Did I mention that our coffee farm is in Matagalpa? Did I mention that all the coffee on our farm is certified "Strictly High Grown" (SGH) because of the altitude of our farm?

Saturday, December 10, 2011

Why You Should Look for Shade-Grown Coffee

All our coffee is shade grown. In fact, it is such a rustic, natural farm with so much original native vegetation, that you almost can't find the coffee plants in this picture:
Coffee plants in between native bananas and old-growth trees.

On our farm, high in the mountains of Nicaragua, all the original old-growth trees are left alone. Previous owners started to clear some of the old-growth trees, despite very strict and strictly enforced regulations about cutting down old trees. When we purchased the land, there were quite a few human-felled trees and some Hurricane-Felix-felled trees. Since we purchased the land, we haven't cleared any old-growth trees. We do clear out some of the low-growing vegetation to make room for coffee plants, but as you can see from the photo above, coffee lives in a rich polyculture of indigenous vegetation.

Here I am in that same place as the photo above, with a young coffee plant in front of me. Notice that you could barely see it before I pointed it out.

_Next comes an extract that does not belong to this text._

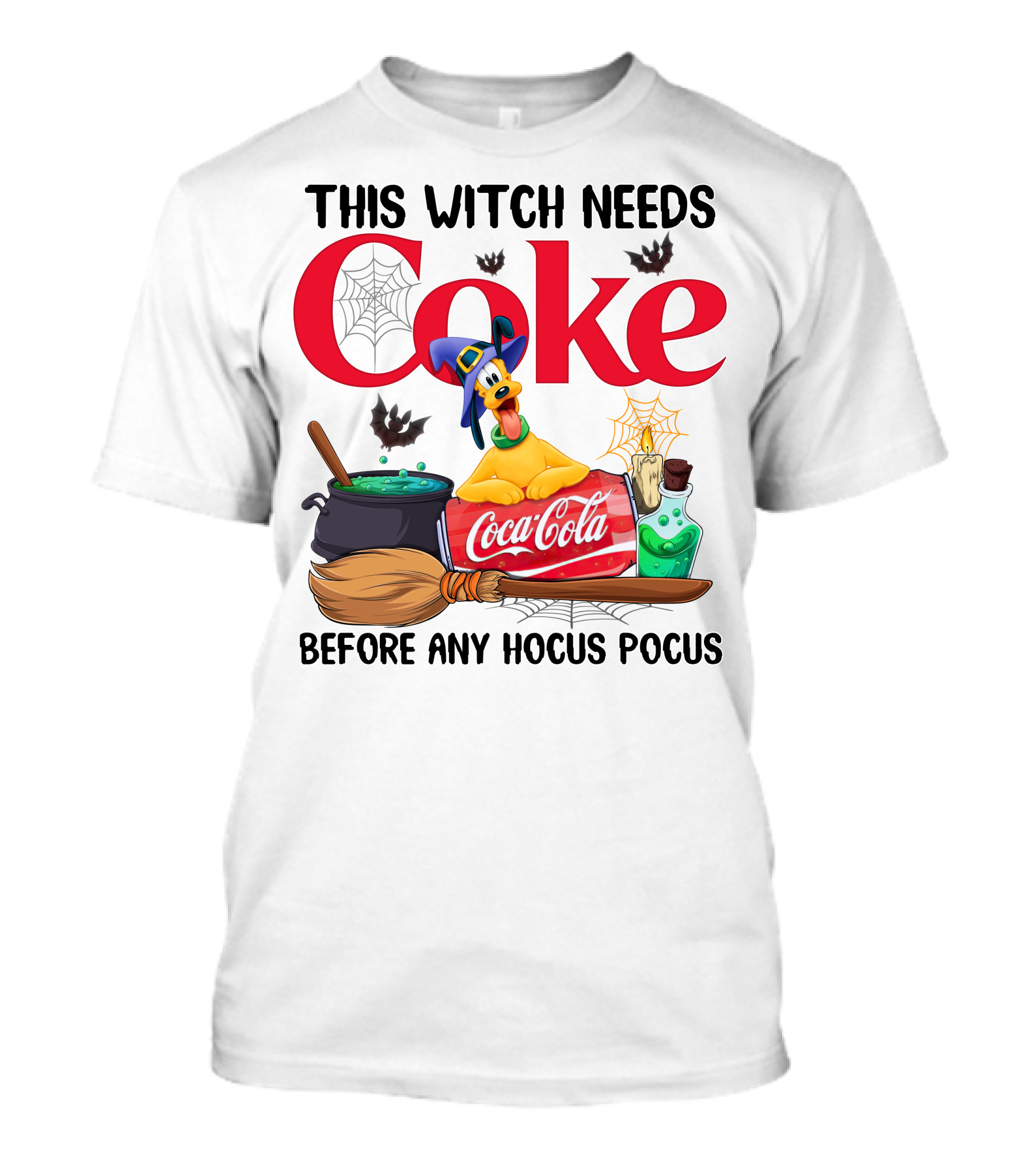 This Witch Needs Coke Pluto Coca-Cola Halloween Theme Before Any Hocus Pocus T-Shirt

The Seattle Audubon Society has a fascinating web page about why farmers should grow and you should buy shade-grown coffee. The Smithsonian Migratory Bird Center has created a certification that we are pursuing that certifies coffee "shade grown, bird friendly." It turns out that coffee originally grew entirely in the shade. Recently, varieties of coffee were developed that thrived in full sunshine. The point of full-sun coffee was to increase yields. In fact, coffee plants that grow in full sun can produce up to 3 times as much coffee in a year, however, when these plants were introduced, along with them came the need for more fertilizers, herbicides, insecticides, and fungicides. Additionally, the soil was depleted by the plants, and there was more run-off of chemicals into the local water supplies. If you have seen Food Inc., or any other documentary about how the pursuit of higher-yielding plants and livestock have resulted in a more abundant but inferior food supply, then you know the story.

By sticking to shade-grown coffee, we follow the traditions of the native Nicaraguans, and we also protect the soil and water, not to mention protecting the native bird habitats by keeping intact the diverse vegetation that the birds require.
Young coffee plant. Notice the shade from bananas and other native trees falling across the bush.

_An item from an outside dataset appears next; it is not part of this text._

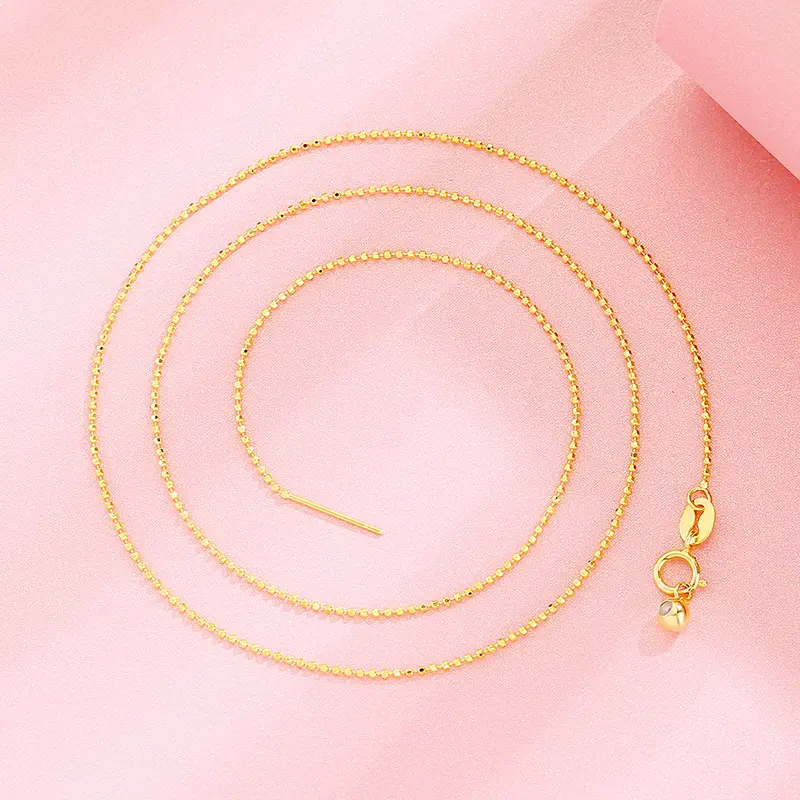 Sterling Silver S Chain Clavicle with Rose Gold Clasp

Also, if great taste is what you seek in a cup of coffee, any professional coffee taster will tell you that shade-grown coffee is a richer, more nuanced cup of coffee than full-sun-grown coffee.

Friday, December 9, 2011

Cafe Oro

Now that we have about 4,000-5,000 lbs. of "cafe oro," from our mature coffee plants this year, I realize I had better get hopping on finding retail outlets for our delicious Nicaraguan coffee. "Cafe oro" means golden coffee, which is the color of the coffee after the husks have been soaked off.This photo shows the unroasted beans, after husks and skin have been removed. This is what is called "cafe oro." Different countries grow different types of coffees, and each type of coffee is processed differently. Many coffees are dry processed. In Nicaragua, water is used to remove the papery skin, so cafe de oro requires that the coffee be dried in the sun. We are pretty small-scale at this point, so we are able to dry our coffee on these screens, propped up on saw horses and boards.

Large, commercial "beneficios" (coffee processing centers) use large outdoor concrete slabs (they kind of look like areas the size of multiple shuffle board courts) to dry the beans in the sun. On any sunny day, you can see the workers out in the drying areas with long-handled flat rakes moving the coffee around so it will all dry out. Thanks to Marvin del Cid for this photo.